Segment Open

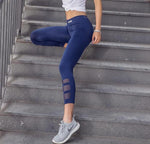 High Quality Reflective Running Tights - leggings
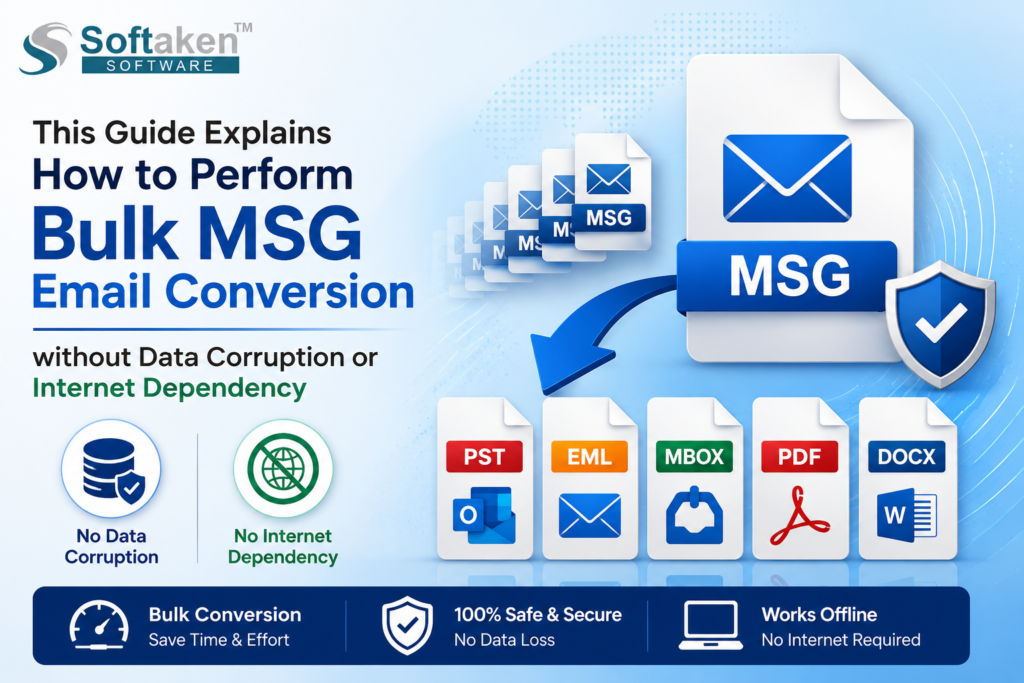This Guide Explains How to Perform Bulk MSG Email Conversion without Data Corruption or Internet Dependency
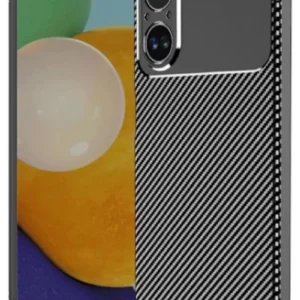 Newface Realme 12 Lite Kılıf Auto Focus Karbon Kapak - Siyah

Segment Closed
Segment Open

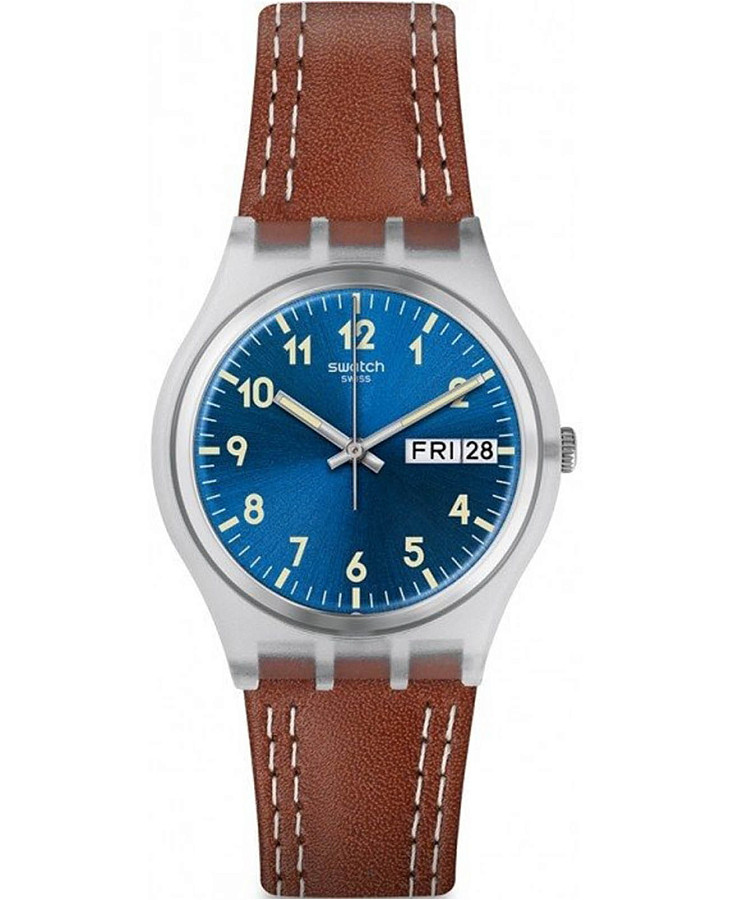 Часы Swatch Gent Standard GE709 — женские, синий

Segment Closed

Your reply is to be an exact repeat of the listing above from the line holding "High Quality Reflective" down to the line holding "Newface Realme 12", ends included, pictures excluded.

 High Quality Reflective Running Tights - leggings
This Guide Explains How to Perform Bulk MSG Email Conversion without Data Corruption or Internet Dependency
 Newface Realme 12 Lite Kılıf Auto Focus Karbon Kapak - Siyah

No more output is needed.